Care, Maintenance & Troubleshooting

Steves Auto Clinic is a leader in the field of automotive repair and vehicle servicing. We employ qualified mechanics (technicians) who stand willing and ready at our Service Centres countrywide to assist you with any brakes related issues.

At Steves Auto Clinic, we care about you and your vehicle, and we feel that it is just fair to keep our readers informed about the various components in their vehicles, components that are essential for the smooth and safe functioning of their vehicles and components that need a fair share of maintenance for this same reason. We acknowledge the fact that not everybody is as informed as the next person is, and experience taught us that very few people know how to care for most of these components or even how to troubleshoot potential problems with them in advance. As a service centre that cares about our customers, we want to rectify this. Fear of the unknown may cause anxiety during daily road trips that is why we will highlight some aspects related specifically to one of these components today, namely the brakes but also the entire braking system.

We want to make it clear that this article does not serve the purpose of instilling unnecessary and unfounded doubt under our readers regarding the topic at hand; this article serves the primary purpose of informing our readers about care, maintenance and troubleshooting of the braking system. As was said, we want to remove any anxiety caused by the unknown. In doing so, SAC touches on the following during this discussion:

What are brakes and how do they function?
Why and how should you take care of your vehicle’s brakes?
Know the signs of faulty brakes.

Without any further ado, let us jump right into this discussion.

What are brakes and how do they function?

The primary purpose of your vehicle’s engine is to create power to turn the wheels; the wheels need to be steered into different directions, which is why you have a steering system. With motion and the ability to steer your vehicle, you also need the ability to stop at some point in time and that is why the braking system is so important. The ONLY function of the brakes are to enable you to stop your vehicle; without this function or the proper working of this function you can be sure to find yourself in deep trouble.
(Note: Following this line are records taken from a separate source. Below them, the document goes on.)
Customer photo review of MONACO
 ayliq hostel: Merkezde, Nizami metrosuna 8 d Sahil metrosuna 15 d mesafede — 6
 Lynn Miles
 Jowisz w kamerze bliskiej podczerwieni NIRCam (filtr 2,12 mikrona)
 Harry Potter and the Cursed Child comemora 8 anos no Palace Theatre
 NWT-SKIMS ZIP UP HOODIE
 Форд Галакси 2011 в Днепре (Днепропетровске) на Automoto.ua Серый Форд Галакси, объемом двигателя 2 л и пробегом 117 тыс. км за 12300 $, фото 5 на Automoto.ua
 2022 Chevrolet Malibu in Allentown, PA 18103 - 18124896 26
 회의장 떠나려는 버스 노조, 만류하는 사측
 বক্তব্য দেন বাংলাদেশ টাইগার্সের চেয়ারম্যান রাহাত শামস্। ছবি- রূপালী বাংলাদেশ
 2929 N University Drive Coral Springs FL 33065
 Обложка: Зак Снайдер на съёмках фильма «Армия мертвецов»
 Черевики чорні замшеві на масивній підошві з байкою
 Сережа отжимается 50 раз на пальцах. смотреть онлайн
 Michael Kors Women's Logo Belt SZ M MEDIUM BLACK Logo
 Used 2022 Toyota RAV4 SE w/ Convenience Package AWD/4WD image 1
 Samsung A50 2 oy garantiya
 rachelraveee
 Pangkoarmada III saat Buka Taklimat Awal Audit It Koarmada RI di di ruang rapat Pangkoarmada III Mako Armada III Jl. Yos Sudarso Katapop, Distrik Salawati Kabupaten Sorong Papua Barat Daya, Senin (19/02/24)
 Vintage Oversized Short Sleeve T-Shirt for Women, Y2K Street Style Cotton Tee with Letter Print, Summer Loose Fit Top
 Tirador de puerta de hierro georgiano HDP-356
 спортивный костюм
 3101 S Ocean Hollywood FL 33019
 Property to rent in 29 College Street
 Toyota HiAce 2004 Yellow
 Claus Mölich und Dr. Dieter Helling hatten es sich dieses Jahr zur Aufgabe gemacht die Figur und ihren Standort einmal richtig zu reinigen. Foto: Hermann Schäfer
The braking system in your vehicle may either make use of the drum system or the disc (rotor) system. In the drum system, brake shoes are used and in the disc system, brake pads are used. Each of these (shoes/pads) offer its own benefits and drawbacks. Let us have a quick look at these.

Brake shoes

Made from steel that have a curved shape and has a coat of friction material on the one side, called the brake lining. Asbestos was the most commonly used material, but nowadays the lining is made of synthetic aramid. Brake shoes are cheap but it generates a lot more heat during the friction process than in the case of the new brake pad system.

Brake Shoes

Brake pads

The most commonly used nowadays; it does not generate lots of heat, is more expensive than brake shoes but it last longer, and is more efficient. The disc brake system provides better braking performance than drum brakes because they stay much cooler (dissipate heat much better) under extreme use.

When it comes to buying brake pads for your disc brake system, you have more choices than you may initially have thought to have. Brake pads consist of a flat piece of steel covered with a thick piece of friction material applied to a single side. The friction material can consist of one of the following:

Brake Pads

Metal shavings being held together by resin; these are the cheapest and most commonly used brake pads but they also cause the most wear and tear on the rotors of the vehicle.

Organic materials

Environmentally friendly brake pads, surely the quietest among the lot but also the quickest to wear out.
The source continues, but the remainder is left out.